Der Strafrahmen reicht gemäß § 99 Abs. 3 bis zu 10.000 S.

Im Hinblick auf die gravierende Geschwindigkeitsüberschreitung ist das Ausmaß der mit der Tat verbundenen Gefährdung der Verkehrssicherheit ein eklatant hohes. Eine Geschwindigkeitsüberschreitung dieser Art würde bei Hinzutreten erschwerender Umstände die Verhängung der Höchststrafe rechtfertigen. Nach der Aktenlage jedoch sind, zumal die einschlägige Übertretung aus dem Jahre 1987 schon als getilgt anzusehen ist, keine erschwerenden Umstände als gegeben anzunehmen. Auch mildernde Umstände liegen nicht vor. Weder der Termindruck, noch die Ortsunkundigkeit (widersprechend hiezu auch nicht die am 19. Februar 1992 behauptete Ortskundigkeit) sind Milderungsgründe.
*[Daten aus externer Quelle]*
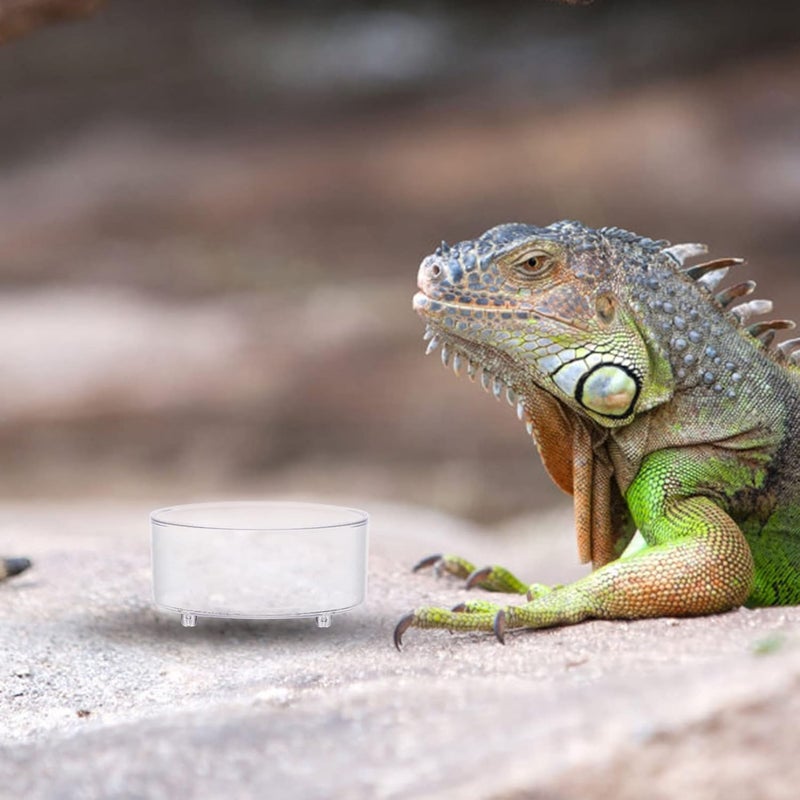 30pcs Bearded Dragon Terrarium Reptile Food Tray Reptile Dish Household Cup Snake Terrarium Accessory - Image 3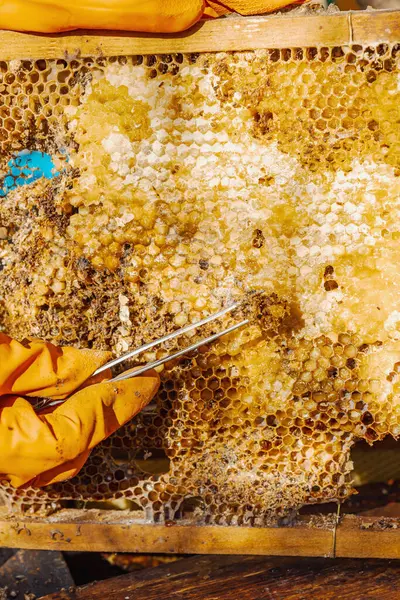 Balmumu güvesi hasarı ve Varroa mayt istilası olan bir bal peteğine yakın plan, arı kolonileri için tehditler, küresel tozlaştırıcı azalması ve ekolojik endişeler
Die Pfändung des Einkommens auf das Existensminimum verbunden mit der Sorgepflicht für eine außereheliche Tochter wurde berücksichtigt. Im übrigen ist diesbezüglich ein Regulativ im Verwaltungsstrafgesetz dergestalt vorgesehen, als ein Antrag auf Ratenzahlung oder Aufschub gewährt werden kann, sollte dieser entsprechend begründet sein.

II. Die Reduzierung der Verfahrenskosten ist gesetzlich begründet.

Rechtsmittelbelehrung:

Gegen diesen Bescheid ist eine weitere Berufung unzulässig.

Hinweis:

Gegen diesen Bescheid kann innerhalb von sechs Wochen ab der Zustellung eine Beschwerde an den Verwaltungsgerichtshof oder an den Verfassungsgerichtshof erhoben werden. Sie muß von einem Rechtsanwalt unterschrieben sein.